→ **Exercise description**: In the material below, find the line with "Or you can purchase" and the line with "Enter your website". Output exactly those two lines and all lines between them, leaving out pictures.

____ Source data

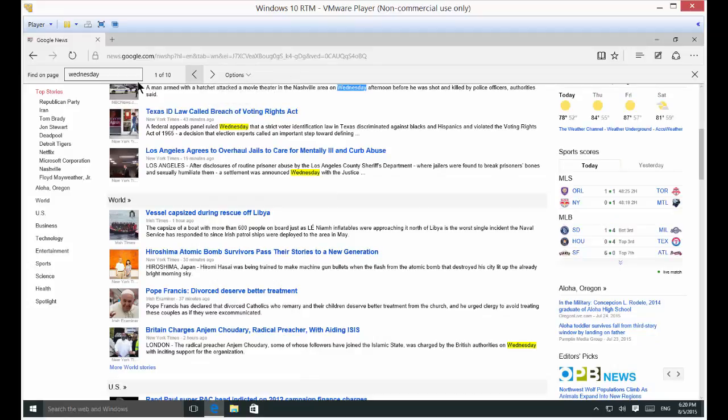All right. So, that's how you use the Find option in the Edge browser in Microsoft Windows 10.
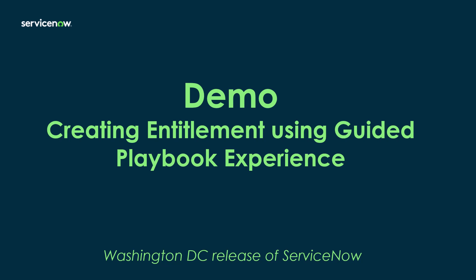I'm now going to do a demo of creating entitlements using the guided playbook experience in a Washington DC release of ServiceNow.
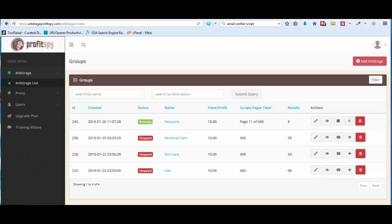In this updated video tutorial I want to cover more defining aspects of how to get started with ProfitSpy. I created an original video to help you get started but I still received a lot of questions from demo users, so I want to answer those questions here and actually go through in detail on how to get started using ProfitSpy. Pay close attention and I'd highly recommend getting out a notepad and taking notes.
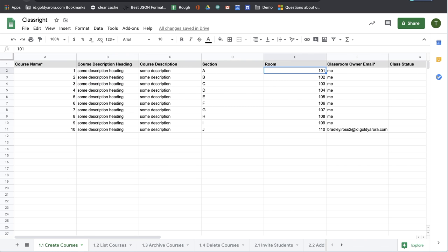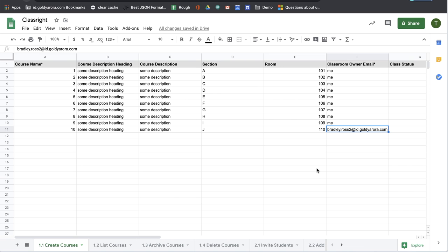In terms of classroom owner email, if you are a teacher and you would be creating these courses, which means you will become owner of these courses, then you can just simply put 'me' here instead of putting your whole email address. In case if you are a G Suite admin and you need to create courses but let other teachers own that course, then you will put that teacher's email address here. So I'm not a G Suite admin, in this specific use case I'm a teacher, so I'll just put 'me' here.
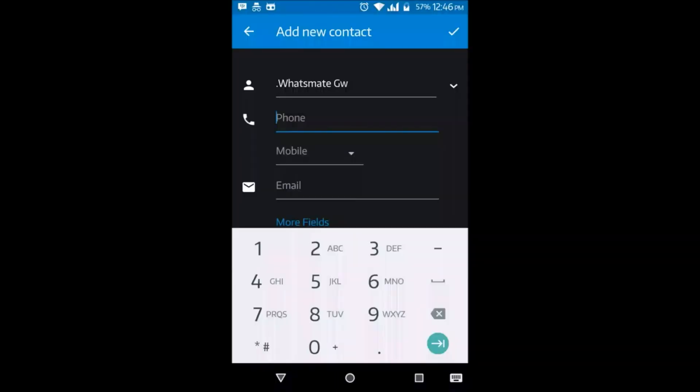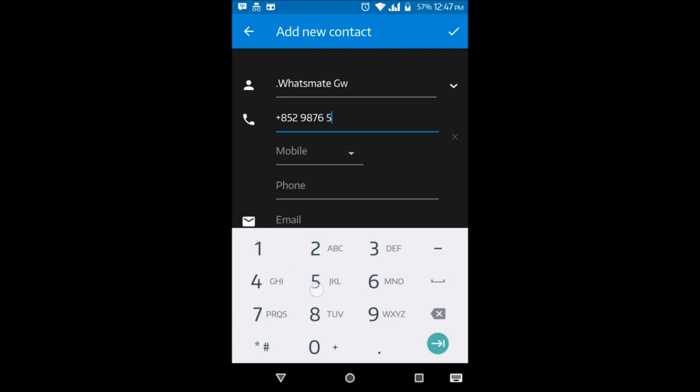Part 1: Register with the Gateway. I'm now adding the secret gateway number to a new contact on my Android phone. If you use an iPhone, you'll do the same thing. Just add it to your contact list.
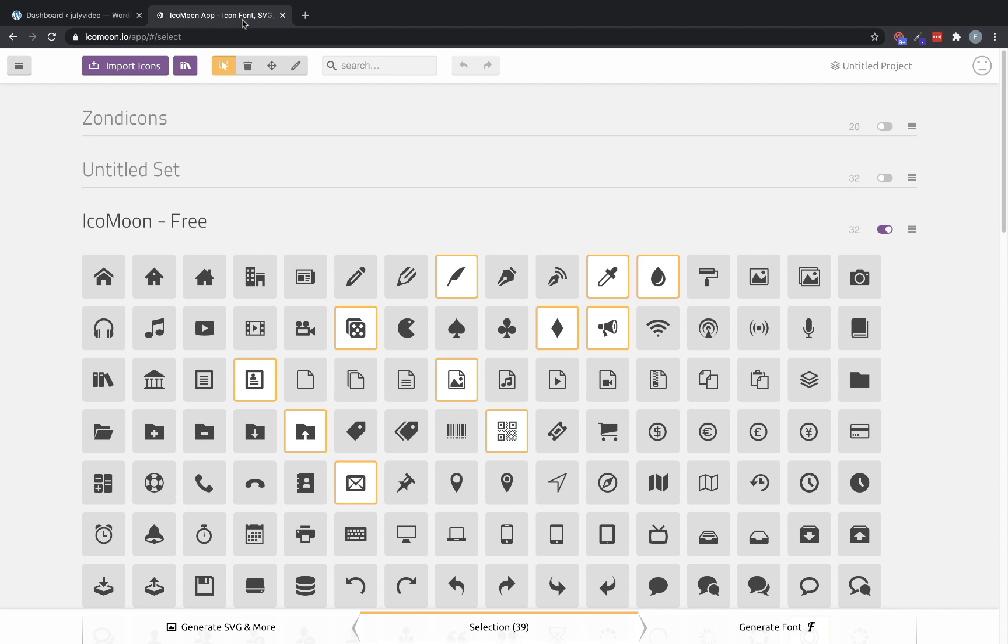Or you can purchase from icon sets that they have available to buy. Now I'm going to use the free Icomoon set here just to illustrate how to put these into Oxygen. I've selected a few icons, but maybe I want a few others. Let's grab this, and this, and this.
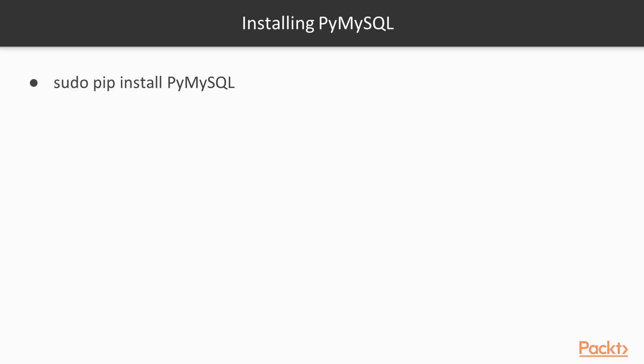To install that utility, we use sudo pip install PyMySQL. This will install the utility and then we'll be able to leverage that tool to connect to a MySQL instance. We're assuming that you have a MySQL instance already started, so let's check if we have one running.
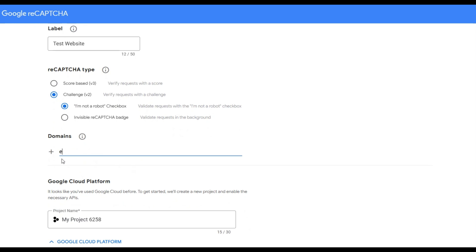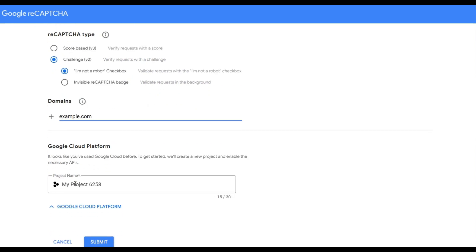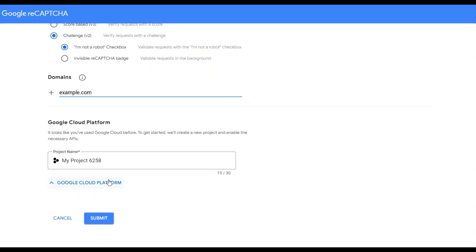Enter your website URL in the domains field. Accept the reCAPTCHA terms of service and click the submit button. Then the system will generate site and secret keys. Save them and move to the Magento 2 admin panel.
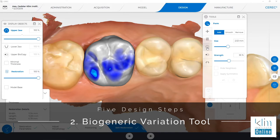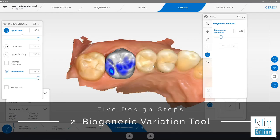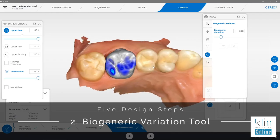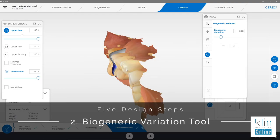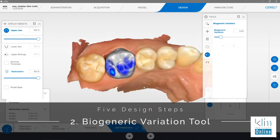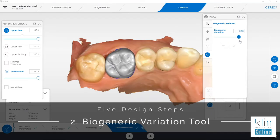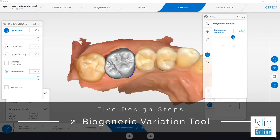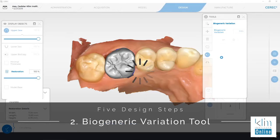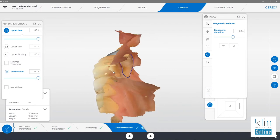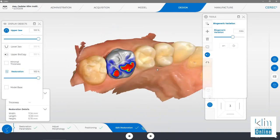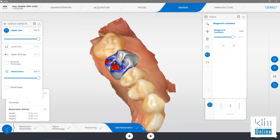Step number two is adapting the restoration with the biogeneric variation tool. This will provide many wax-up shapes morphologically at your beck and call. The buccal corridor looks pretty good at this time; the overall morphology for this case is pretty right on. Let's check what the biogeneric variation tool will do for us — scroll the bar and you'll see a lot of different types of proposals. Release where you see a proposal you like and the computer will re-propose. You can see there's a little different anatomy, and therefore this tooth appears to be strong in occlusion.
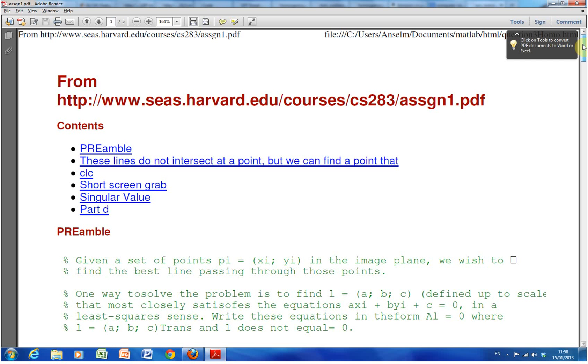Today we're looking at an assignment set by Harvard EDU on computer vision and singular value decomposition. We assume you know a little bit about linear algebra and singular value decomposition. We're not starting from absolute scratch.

________

→ **Task response**:
Or you can purchase from icon sets that they have available to buy. Now I'm going to use the free Icomoon set here just to illustrate how to put these into Oxygen. I've selected a few icons, but maybe I want a few others. Let's grab this, and this, and this.
To install that utility, we use sudo pip install PyMySQL. This will install the utility and then we'll be able to leverage that tool to connect to a MySQL instance. We're assuming that you have a MySQL instance already started, so let's check if we have one running.
Enter your website URL in the domains field. Accept the reCAPTCHA terms of service and click the submit button. Then the system will generate site and secret keys. Save them and move to the Magento 2 admin panel.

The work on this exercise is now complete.